There is a further reason why, even in light of Ginzburg, this indictment must be dismissed. As is hereinabove noted, the government contends that it has proof of pandering which might support a verdict of obscenity, even though the material concerned would be constitutionally protected but for such pandering. Under this hypothesis, the conduct that would convict the defendant would be the pandering. But the indictment does not charge the defendant with pandering.

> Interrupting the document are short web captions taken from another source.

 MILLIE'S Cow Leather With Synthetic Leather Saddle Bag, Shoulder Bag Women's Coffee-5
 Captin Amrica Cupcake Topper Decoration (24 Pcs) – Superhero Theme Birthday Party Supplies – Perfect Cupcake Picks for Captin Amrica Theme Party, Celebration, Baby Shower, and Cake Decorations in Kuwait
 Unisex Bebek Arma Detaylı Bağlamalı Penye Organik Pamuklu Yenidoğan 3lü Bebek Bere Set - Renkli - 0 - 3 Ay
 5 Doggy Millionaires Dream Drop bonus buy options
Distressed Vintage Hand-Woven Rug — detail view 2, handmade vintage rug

Although in Ginzburg, the dissenting justices (particularly Justices Black and Stewart) contended that the majority opinion convicted the defendant of pandering even though he was not so charged, the majority opinion does not advert to this problem. In fact, the opinion of the Court early asserts that “In the present case, however, the prosecution charged the offense in the context of the circumstances of production, sale, and publicity * * 383 U.S. 463 at 465, 86 S.Ct. 942 at 944. That sentence might permit the inference that there was some contention made in the indictment with respect to pandering.

It is fundamental that a defendant cannot constitutionally be convicted of an offense not charged in the indictment. Cole v. Arkansas, 333 U.S. 196, 68 S.Ct. 514, 92 L.Ed. 644 (1948).

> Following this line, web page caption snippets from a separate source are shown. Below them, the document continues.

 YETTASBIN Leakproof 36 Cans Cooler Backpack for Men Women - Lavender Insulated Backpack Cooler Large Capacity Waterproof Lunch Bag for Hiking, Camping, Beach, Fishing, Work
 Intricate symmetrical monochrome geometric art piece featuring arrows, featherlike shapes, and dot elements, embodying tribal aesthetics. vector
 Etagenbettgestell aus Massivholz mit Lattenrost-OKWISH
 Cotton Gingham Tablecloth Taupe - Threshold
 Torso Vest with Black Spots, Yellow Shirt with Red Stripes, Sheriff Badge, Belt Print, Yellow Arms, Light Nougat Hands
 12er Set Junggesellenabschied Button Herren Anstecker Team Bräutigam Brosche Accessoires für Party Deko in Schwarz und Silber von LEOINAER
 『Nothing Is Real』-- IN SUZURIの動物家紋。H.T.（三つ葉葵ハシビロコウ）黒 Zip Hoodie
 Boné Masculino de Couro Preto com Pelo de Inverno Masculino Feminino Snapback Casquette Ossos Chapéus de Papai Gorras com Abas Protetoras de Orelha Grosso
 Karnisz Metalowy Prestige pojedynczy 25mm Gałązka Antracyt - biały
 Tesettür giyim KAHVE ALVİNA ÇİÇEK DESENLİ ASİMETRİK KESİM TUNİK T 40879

In People v. Noroff, 67 Cal.2d 791, 793, 63 Cal.Rptr. 575, 576, 433 P.2d 479, 480 (1967), the Supreme Court of'California applied this principle to the very-type of situation here concerned:

“We cannot accept the People’s argument, advanced for the first time on appeal, that the trial court should have permitted the prosecution to go to the jury with evidence bearing on the defendant’s ‘pandering’ of the magazine in question. First, the indictment did not charge the defendant with pandering; * *

In the absence of a much more direct mandate to the contrary than the possible inference to be derived from Ginzburg, I adhere to the principle that a person is entitled to be informed of what he is being prosecuted for having done. If proof of pandering is to make the difference as to obscenity, this defendant must first be charged in the indictment with such pandering.

Accordingly, the indictment and the prosecution are dismissed.